--- WORK INSTRUCTION ---
Give back exactly the lines of the data below, starting with the line that has "Website domain icon" and going on through the line that has "Magnetická mapa Veľkej".

Brief descriptive captions:
Start of Block
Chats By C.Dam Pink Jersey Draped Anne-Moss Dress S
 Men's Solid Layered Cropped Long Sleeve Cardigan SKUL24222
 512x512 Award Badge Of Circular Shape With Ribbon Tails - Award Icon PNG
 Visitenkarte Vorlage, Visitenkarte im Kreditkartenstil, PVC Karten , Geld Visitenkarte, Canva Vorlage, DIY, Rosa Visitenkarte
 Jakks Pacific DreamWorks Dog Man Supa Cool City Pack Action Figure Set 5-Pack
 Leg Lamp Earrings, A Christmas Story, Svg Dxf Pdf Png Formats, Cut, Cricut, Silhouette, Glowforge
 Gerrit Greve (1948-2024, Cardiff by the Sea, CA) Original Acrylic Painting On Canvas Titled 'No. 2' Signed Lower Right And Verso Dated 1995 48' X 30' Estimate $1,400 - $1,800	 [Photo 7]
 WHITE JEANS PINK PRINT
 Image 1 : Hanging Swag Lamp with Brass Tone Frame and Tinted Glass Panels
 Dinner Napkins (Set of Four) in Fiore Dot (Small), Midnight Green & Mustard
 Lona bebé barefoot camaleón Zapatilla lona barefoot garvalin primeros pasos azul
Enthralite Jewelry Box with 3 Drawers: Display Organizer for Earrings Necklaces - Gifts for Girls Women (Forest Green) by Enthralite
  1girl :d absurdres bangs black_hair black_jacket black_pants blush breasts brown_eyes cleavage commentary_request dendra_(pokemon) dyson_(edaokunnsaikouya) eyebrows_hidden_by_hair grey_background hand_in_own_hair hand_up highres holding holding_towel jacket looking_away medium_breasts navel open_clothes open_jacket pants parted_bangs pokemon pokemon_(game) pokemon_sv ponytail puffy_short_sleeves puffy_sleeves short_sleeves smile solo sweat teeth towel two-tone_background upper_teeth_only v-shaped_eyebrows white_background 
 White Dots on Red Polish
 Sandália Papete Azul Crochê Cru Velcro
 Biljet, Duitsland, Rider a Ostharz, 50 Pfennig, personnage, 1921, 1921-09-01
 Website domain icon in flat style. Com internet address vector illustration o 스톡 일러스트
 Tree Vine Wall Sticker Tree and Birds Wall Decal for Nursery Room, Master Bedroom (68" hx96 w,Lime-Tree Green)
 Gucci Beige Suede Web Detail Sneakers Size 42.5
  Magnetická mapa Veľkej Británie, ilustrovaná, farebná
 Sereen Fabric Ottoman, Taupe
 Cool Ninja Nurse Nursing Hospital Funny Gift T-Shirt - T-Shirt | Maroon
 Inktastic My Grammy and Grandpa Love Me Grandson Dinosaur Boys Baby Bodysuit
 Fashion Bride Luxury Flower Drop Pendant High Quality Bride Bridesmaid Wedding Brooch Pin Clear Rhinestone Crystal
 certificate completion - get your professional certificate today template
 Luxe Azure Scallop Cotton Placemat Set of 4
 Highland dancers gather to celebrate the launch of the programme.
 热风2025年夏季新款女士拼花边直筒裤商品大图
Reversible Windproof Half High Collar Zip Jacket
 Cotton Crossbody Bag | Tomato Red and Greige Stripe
End of Block
--- SOLUTION BELOW ---
 Website domain icon in flat style. Com internet address vector illustration o 스톡 일러스트
 Tree Vine Wall Sticker Tree and Birds Wall Decal for Nursery Room, Master Bedroom (68" hx96 w,Lime-Tree Green)
 Gucci Beige Suede Web Detail Sneakers Size 42.5
  Magnetická mapa Veľkej Británie, ilustrovaná, farebná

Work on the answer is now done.